▶ **EXERCISE INSTRUCTIONS**
Go through the records line by line from the top and repeat each one exactly, ending with the line that contains "14103 Fonthill Avenue - Photo Thumbnail 9".

Records from a data source:
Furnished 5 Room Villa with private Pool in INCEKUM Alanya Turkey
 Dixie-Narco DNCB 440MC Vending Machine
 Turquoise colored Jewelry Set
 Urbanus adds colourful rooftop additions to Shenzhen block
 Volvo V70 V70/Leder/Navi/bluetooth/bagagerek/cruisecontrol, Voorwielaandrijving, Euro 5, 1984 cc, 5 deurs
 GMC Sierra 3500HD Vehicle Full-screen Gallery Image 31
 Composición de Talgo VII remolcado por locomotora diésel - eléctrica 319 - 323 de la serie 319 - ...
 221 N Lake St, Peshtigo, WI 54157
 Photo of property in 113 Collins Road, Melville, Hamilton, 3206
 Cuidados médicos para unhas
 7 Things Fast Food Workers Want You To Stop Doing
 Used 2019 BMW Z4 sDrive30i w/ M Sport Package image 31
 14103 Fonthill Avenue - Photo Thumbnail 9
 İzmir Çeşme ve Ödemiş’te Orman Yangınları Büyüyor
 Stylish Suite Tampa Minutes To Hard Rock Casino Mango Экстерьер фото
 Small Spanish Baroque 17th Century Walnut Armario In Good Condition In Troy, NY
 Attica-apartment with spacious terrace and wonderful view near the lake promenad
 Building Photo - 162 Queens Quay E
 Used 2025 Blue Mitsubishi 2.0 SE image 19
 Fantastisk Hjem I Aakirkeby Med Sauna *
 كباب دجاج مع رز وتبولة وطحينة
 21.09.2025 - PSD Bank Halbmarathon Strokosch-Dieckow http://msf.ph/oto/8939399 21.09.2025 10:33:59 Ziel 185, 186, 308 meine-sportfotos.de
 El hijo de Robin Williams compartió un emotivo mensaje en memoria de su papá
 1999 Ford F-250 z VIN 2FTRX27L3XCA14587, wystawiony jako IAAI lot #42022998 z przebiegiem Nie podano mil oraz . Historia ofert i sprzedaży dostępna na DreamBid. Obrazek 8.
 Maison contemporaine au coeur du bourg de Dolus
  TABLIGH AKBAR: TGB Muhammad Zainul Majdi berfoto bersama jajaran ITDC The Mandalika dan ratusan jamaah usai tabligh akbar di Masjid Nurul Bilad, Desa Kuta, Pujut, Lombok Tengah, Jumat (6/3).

▶ **EXERCISE RESPONSE**
Furnished 5 Room Villa with private Pool in INCEKUM Alanya Turkey
 Dixie-Narco DNCB 440MC Vending Machine
 Turquoise colored Jewelry Set
 Urbanus adds colourful rooftop additions to Shenzhen block
 Volvo V70 V70/Leder/Navi/bluetooth/bagagerek/cruisecontrol, Voorwielaandrijving, Euro 5, 1984 cc, 5 deurs
 GMC Sierra 3500HD Vehicle Full-screen Gallery Image 31
 Composición de Talgo VII remolcado por locomotora diésel - eléctrica 319 - 323 de la serie 319 - ...
 221 N Lake St, Peshtigo, WI 54157
 Photo of property in 113 Collins Road, Melville, Hamilton, 3206
 Cuidados médicos para unhas
 7 Things Fast Food Workers Want You To Stop Doing
 Used 2019 BMW Z4 sDrive30i w/ M Sport Package image 31
 14103 Fonthill Avenue - Photo Thumbnail 9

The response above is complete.